Transaksi Esek-esek di Cepuri Parangkusumo, 16 PSK dan 1 PNS Disidang Selasa Ini
Hukum & Kriminal

Transaksi Esek-esek di Cepuri Parangkusumo, 16 PSK dan 1 PNS Disidang Selasa Ini

Kretek, (bantul.sorot.co)--Sebanyak 16 pekerja seks komersial (PSK) dan seorang lelaki hidung belang berstatus pegawai negeri sipil (PNS) yang terjaring dalam razia penegakan Perda Bantul Nomor 5 tahun 2007 tentang Pelacuran, Senin (11/09/2017) malam di Parangkusumo akan diproses hukum. Rencananya, pada Selasa ( 12/09/2017) siang ini, para PSK maupun lelaki hidung belang tersebut akan disidangkan di Pengadilan Negeri Bantul.

Dari pemeriksaan yang dilakukan petugas, mereka dinilai telah melakukan pelanggaran terhadap Perda tersebut, sehingga kemudian diajukan untuk menjalani sidang tindak pidana ringan (Tipiring) di Pengadilan Negeri (PN) Bantul.

"Hari ini, mereka akan disidang di Pengadilan Negeri Bantul," ujar Sekretaris Pol PP Bantul, Bayu Jati Bayubroto, Selasa pagi.

Adapun, 16 PSK yang bakal diajukan sidang diantaranya yakni S (45) warga Muntilan Jawa Tengah, R (37) warga Gebog Kudus, SM (30) warga Gayamsari Semarang Jawa Tengah, AS (40) warga Getasan Semarang Jawa Tengah dan S (34) warga Ngestirejo Tanjungsari Gunungkidul. 

Selanjutnya, S (31) warga Gayamsari Semarang Jawa Tengah, K (32) warga Kebayoran Jakarta Pusat, S (52) warga Kembang Arum Semarang Barat, P (37) warga Tangen Sragen dan D (52) warga Cinangsi Cilacap Jawa Barat.

Kemudian, IR (42) warga Karangjati Semarang Jawa Tengah, AF (34) warga Cabe Sragen Jawa Tengah, S (35) warga Purwosari Kranggan Temanggung, M (34) warga Kalibanteng Kulon Semarang Barat, FM (27) warga Kampar Utara, Pekanbaru Riau, N (48) warga Lebak Jepara dan seorang PNS laki-laki S (51) warga Margo Katon, Sayegan Sleman.

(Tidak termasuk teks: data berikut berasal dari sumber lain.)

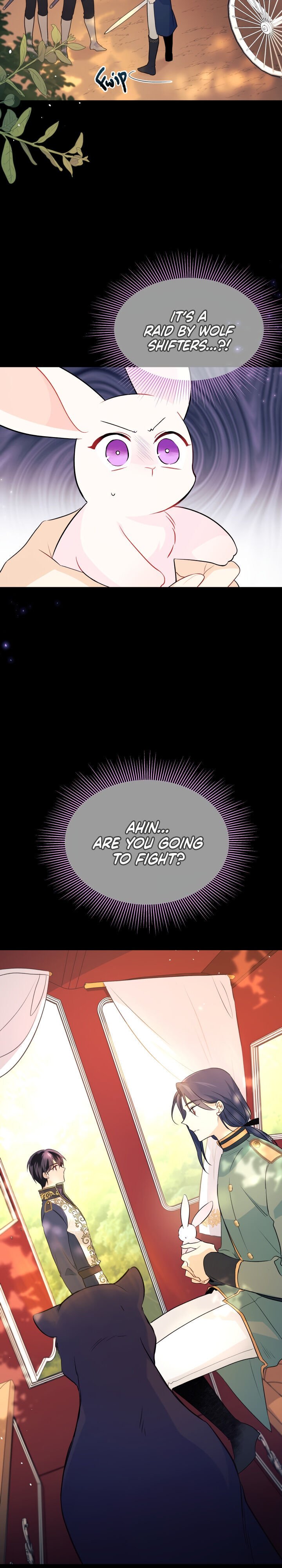 The Symbiotic Relationship Between the Rabbit and the Black Panther Chapter 27 page 3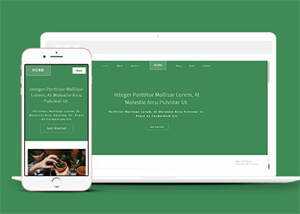 响应式多肉植物种植网站模板下载 发卡网创- 首码创想网创资源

Bayu menyatakan bahwa di lokasi Taman Cepuri Parangkusumo selama ini memang dikenal sebagai lokasi praktek prostitusi liar. Yang memprihatinkan, para PSK dan lelaki hidung belang selama ini beroperasi di lokasi yang seharusnya merupakan tempat ritual karena memiliki nilai-nilai religius dan budaya. Bahkan tak jarang, transaksi dilakukan di Masjid yang terletak tak jauh dari taman.

Kalau mangkalnya di warung-warung sekitar taman Cepuri Parangkusumo,” imbuh dia.

Sementara itu, S salah seorang PSK yang terjaring razia mengaku kapok tertangkap. Warga Semarang, Jawa Tengah ini mengaku akan langsung pulang kampung begitu proses hukum yang membelitnya tersebut selesai. S sendiri mengungkapkan bahwa ia beroperasi di Cepuri Parangkusumo ketika malam Selasa Kliwon dan Jumat Kliwon. Pada hari itu, kawasan Cepuri memang sangat ramai baik oleh warga yang hendak melakukan ritual, maupun orang iseng saja.

"Habis ini saya mau pulang kampung saja, takut ditangkap lagi," ujarnya.